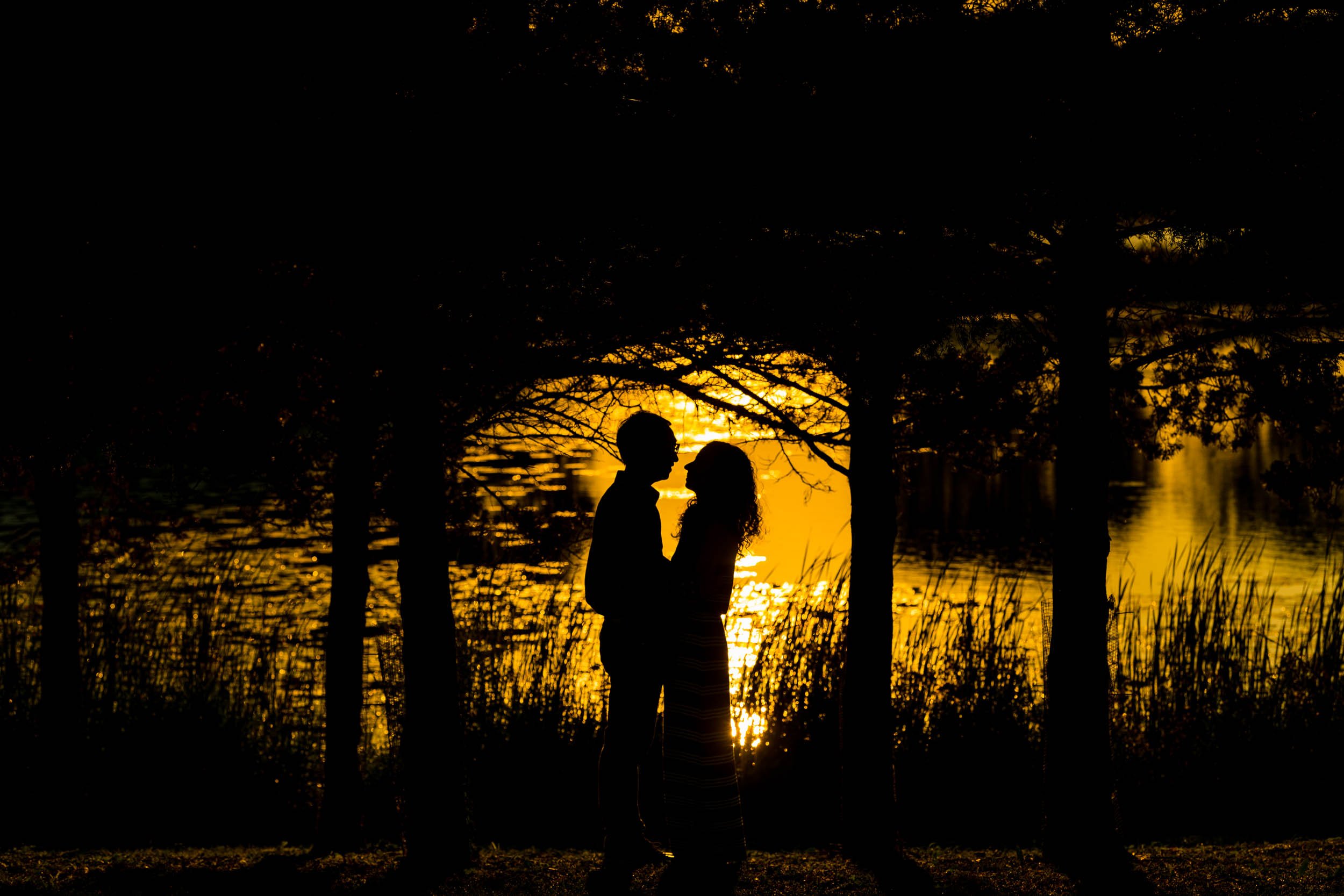 Independence Park | Silhouette Engagement Portrait | Libertyville IL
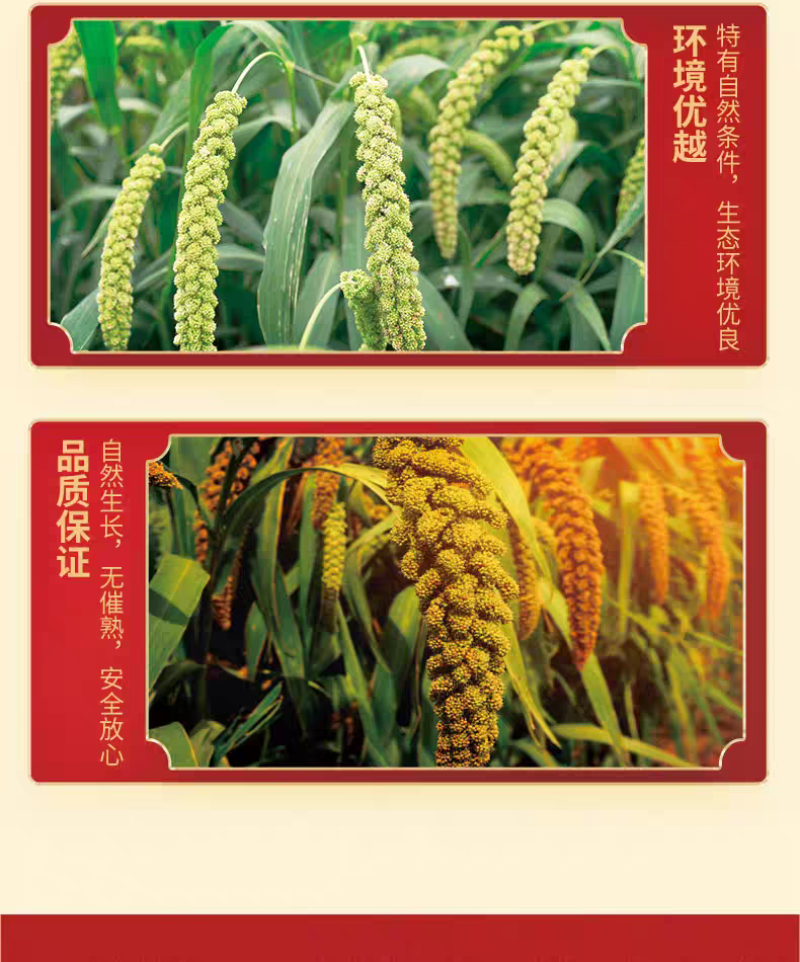 东北黄小米电商一件代发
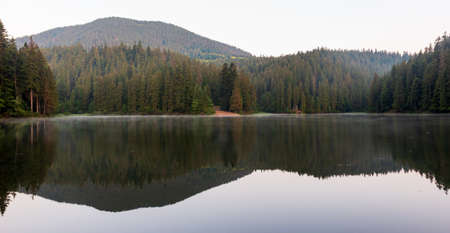 Beautiful nature and a wonderful landscape with lush green forests and vegetation around the pearl of the Carpathians - Lake Synevyr. Carpathians in Ukraine. Mystical fog over the great firs.の写真素材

[TRY IT]:
An exact, picture-free copy of the listing above is the goal; write it out now.

[RESULT OF THE TASK]:
 Independence Park | Silhouette Engagement Portrait | Libertyville IL
 东北黄小米电商一件代发
 Beautiful nature and a wonderful landscape with lush green forests and vegetation around the pearl of the Carpathians - Lake Synevyr. Carpathians in Ukraine. Mystical fog over the great firs.の写真素材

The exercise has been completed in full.